In Gothic buildings, ornate pinnacles have something of the same function, while also helping to counteract the stresses of the structure.
There are other architectural features that also serve the same purpose; turrets that project higher than the main roof of a building help in this way.
Those attached, conically-capped turrets that begin partway up a wall (technically, they are known as ‘bartizans’) – the sort of turrets you’ll find on Sleeping Beauty’s castle in fairy stories and, in reality, on many Scottish castles, including Balmoral – help even more.
Pattern, too, helps to give weight to a building; a simple way of doing so is to produce patterns in the slates on a roof. There are spectacular examples like the roof of St Stephen’s Cathedral in Vienna, where multi-coloured zig-zag patterns add visual weight to the building. On a less-flamboyant scale, the varied shapes of the slates on the Community Centre near St Wilfrid’s Church in Ripon serve the same function.

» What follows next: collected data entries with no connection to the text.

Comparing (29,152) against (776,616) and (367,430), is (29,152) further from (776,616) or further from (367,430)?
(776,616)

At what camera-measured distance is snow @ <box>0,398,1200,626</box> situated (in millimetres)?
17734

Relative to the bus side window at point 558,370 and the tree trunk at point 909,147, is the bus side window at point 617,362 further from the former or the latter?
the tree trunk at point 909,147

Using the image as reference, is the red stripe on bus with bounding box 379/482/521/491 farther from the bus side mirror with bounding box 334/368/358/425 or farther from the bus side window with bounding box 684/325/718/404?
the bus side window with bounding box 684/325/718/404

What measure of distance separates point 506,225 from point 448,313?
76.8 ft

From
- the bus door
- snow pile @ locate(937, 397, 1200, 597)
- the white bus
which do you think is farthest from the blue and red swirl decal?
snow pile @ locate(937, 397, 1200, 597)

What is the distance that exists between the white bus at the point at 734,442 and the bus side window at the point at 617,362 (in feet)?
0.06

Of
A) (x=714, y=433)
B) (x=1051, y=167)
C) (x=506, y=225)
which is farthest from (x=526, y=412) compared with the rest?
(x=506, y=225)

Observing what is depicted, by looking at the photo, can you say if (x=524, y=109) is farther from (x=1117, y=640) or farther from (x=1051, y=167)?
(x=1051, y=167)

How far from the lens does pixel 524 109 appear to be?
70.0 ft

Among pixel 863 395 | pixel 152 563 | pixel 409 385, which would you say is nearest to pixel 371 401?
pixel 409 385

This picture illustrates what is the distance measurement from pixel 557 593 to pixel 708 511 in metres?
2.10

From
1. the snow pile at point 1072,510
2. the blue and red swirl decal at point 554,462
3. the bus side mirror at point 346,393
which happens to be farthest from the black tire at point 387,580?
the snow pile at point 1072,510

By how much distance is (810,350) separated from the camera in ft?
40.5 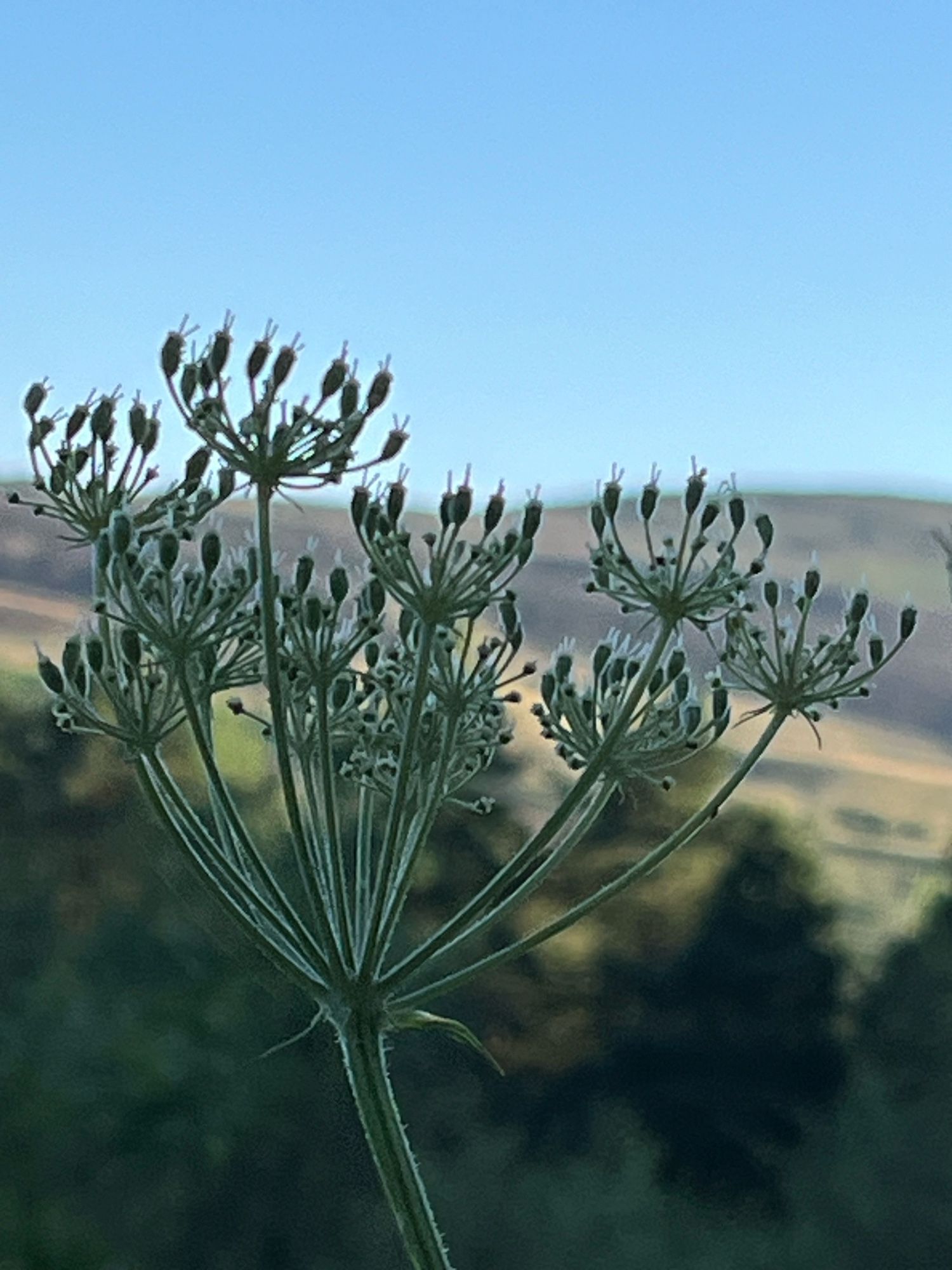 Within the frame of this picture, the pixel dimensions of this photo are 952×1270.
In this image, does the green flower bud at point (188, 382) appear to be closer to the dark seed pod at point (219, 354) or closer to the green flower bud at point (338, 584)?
the dark seed pod at point (219, 354)

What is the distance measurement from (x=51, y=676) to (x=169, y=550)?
158 mm

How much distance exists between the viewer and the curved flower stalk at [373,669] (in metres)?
1.11

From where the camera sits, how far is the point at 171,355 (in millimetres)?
1149

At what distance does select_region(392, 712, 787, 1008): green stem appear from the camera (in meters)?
1.10

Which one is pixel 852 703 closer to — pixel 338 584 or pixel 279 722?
pixel 338 584

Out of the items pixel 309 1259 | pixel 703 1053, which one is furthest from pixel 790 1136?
pixel 309 1259

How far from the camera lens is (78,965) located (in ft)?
41.5

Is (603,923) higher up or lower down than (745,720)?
lower down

Building a pattern into the walls of a building was particularly favoured during two periods of English architecture – the Tudor and the Victorian.
Brick patterns – using darker-fired bricks to create criss-cross and square designs on the normal brick colour – were popular with 16th Century builders, as at Cardinal Wolsey’s Hampton Court. And in the 19th Century the cause of patterned brickwork was taken up, particularly, by the architect William Butterfield.
Butterfield, who designed the church and many cottages at Baldersby St James and nearby Baldersby, developed a hierarchy of pattern. In part this was social – the higher up the social scale the occupant of one of his houses, the more pattern it received. But it was also architectural.
He would add horizontal bands of stone among the brickwork on plain walls, but, where the illusion of extra weight was needed – for example in the gables of a building, the design would break into diamond or chequer-board patterns.
This technique was taken up by other architects – in Ripon we have a good example on the exterior of what was once the chapel of the former teacher training college. The architect, John Oldrid Scott, has patterned the top of the eastern gable with a chequered design, to give extra prominence to it and thus increase its visual weight.
So when you see pattern on a building, it’s likely to be there for more than just prettiness – it has an architectural function, too – to make the building ‘lie heavy’ on the earth.